3-Expert (read the paper in detail, know the area, quite certain of my opinion)

In this paper the authors incorporate the Barzilai-Borwein (BB) step-size for variants of stochastic gradient descent such as SGD and SVRG. It is also introduced to SAG in the appendix. It is proven that the SVRG with BB step size converges linearly in expectation on mu-strongly convex function with Lipschitz continuous gradient as long as m is chosen sufficiently large, where m is an integer such that the full gradient is computed every m iterations. Experimental results show the proposed SVRG with BB step size tends to converge the step size towards the optimally tuned step size, resulting in a slightly low but similar convergence rate on three data sets. The results of the other variants of SGD with BB step size looks also promising.

In the SVRG-I, which is claimed in this paper to be more efficient in practice than SVRG-II, two parameters, an integer m and the step size eta, need to be tuned to achieve linear convergence. The contribution of the paper is that it makes SVRG easier to use by introducing BB step size in the sense that we do not need to tune the step size anymore as long as m is taken sufficiently large. This paper will be improved if the sensitivity of m is studied empirically. The theorem tells that one can achieve the linear convergence with the rate of convergence of 1 - theta in terms of the number of epochs. If the convergence rate in terms of epoch is fixed, the time complexity will increase linearly in terms of m. If we set m twice, we expect twice slow convergence. If this is the case, tuning of m is as sensitive as tuning of the step size, and is not very nice.

2-Confident (read it all; understood it all reasonably well)

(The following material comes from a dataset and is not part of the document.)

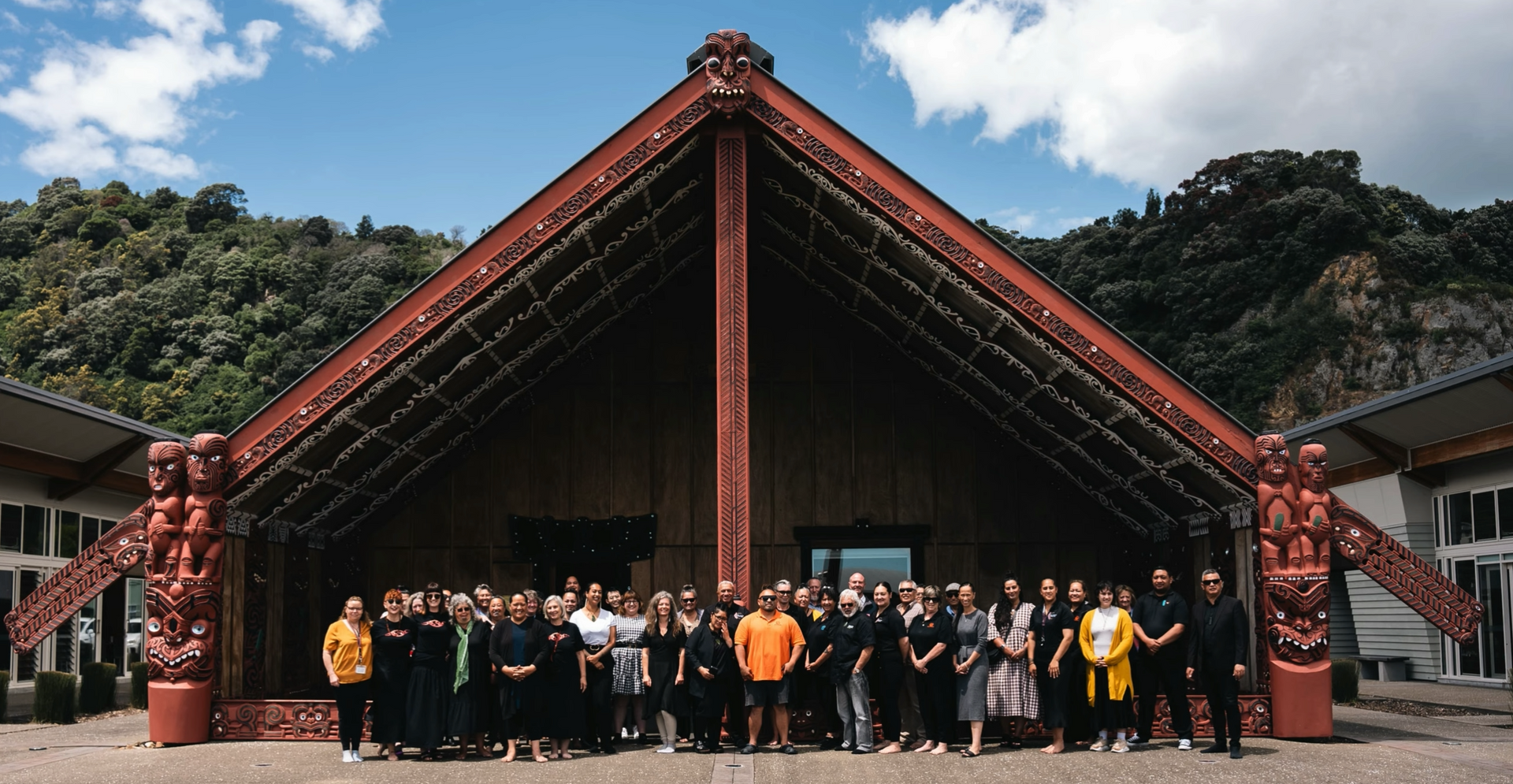 Group of people in front of a Māori meeting house with carved figures and dark red accents, on a sunny day.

The authors propose an automatic step size scheme using the Barzilai-Borwein method for SGD and SVRG. Linear convergence analysis is provided for SVRG-BB and SVRG-I (option 1 of SVRG where the current iterate is used as the mark iterate on the next epoch). A smoothing technique is required on top of the BB step size for SGD-BB to converge, but no convergence analysis is provided for SGD-BB. The authors compare SVRG-BB to SVRG with a constant step size, and SGD-BB to SGD with a decreasing step size scheme, and find that the BB step sizes have a comparable rate of convergence to the best tuned step size for both SVRG and SGD.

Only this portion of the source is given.